In her response, counsel to the plaintiff, Uju Chukwurah, asked the court to discountenance the preliminary objection of Oshiomhole, who is the second respondent in the suit.
She asked the court to ignore the preliminary objections of the EFCC and Oshiomhole.
Chukwurah said there was a continuous damage, since the subject-matter of the plaintiff’s petition has not been addressed, adding that until the petition was dealt with, the plaintiff’s matter could not be said to be statute-barred.
She said the plaintiff, being a indigene of Edo state, has the legal right to file the suit.

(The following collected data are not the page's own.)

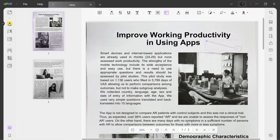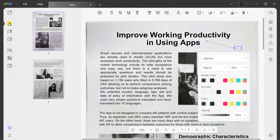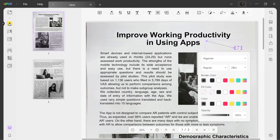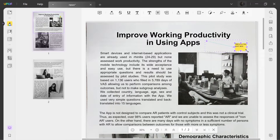Now add the box anywhere on your PDF. Once added, you will get the option to customize it. Users can customize the text color, font style, border color, fill color, and even set the opacity.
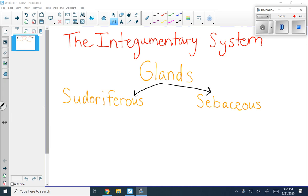Hi! Today we're going to continue our discussion of the integumentary system by talking about some of the derivatives, so some of the parts that are in addition to the skin. And we're going to focus on the glands. You have two main types of glands: sudoriferous glands and sebaceous glands.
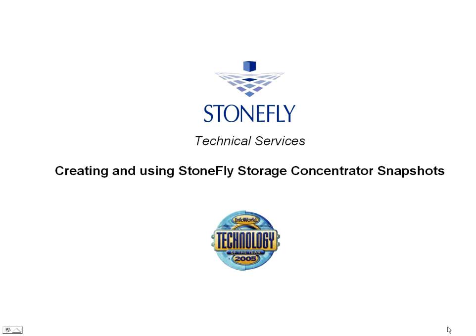Hello. Welcome to StoneFly Technical Services. This is a brief tutorial on how to create and utilize StoneFly snapshots.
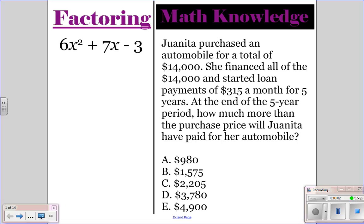Go ahead and do the factoring and math knowledge question for today. Pause the video, and then once you finish, you can unpause the video, and I'll go over the correct answers.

The plaintiff had dragged EFCC and Oshiomhole to court, praying the court to order the EFCC to investigate different petitions that contained allegations of financial recklessness against Oshiomhole.
The anti-graft agency has, in its preliminary objections, challenged the jurisdiction of the Federal High Court in Abuja to compel it to arrest and prosecute Oshiomhole over allegation that he diverted public funds to his personal use while in office as governor.
EFCC admitted that it has received petitions accusing Oshiomhole of complicity in acts of corruption but added that it was not under any obligation to report or give account of its investigations to any individual or under a timeline within which to carry out its functions.
The anti-graft agency, therefore, urged the court to dismiss the suit seeking to invoke an order of mandamus to compel it to initiate criminal proceedings against the APC Chairman.
The plaintiff told the court that Oshiomhole, while in office as Edo state governor, procured property far in excess of his legitimate income.
The Bishop told the court that he sent a petition to the EFCC on November 4, 2016, where he detailed the corrupt practices he alleged the ex-governor was involved in.
He maintained that EFCC’s refusal to act on petitions containing “weighty allegations” against Oshiomhole, ran contrary to Section 15(5) of the 1999 Constitution (as amended).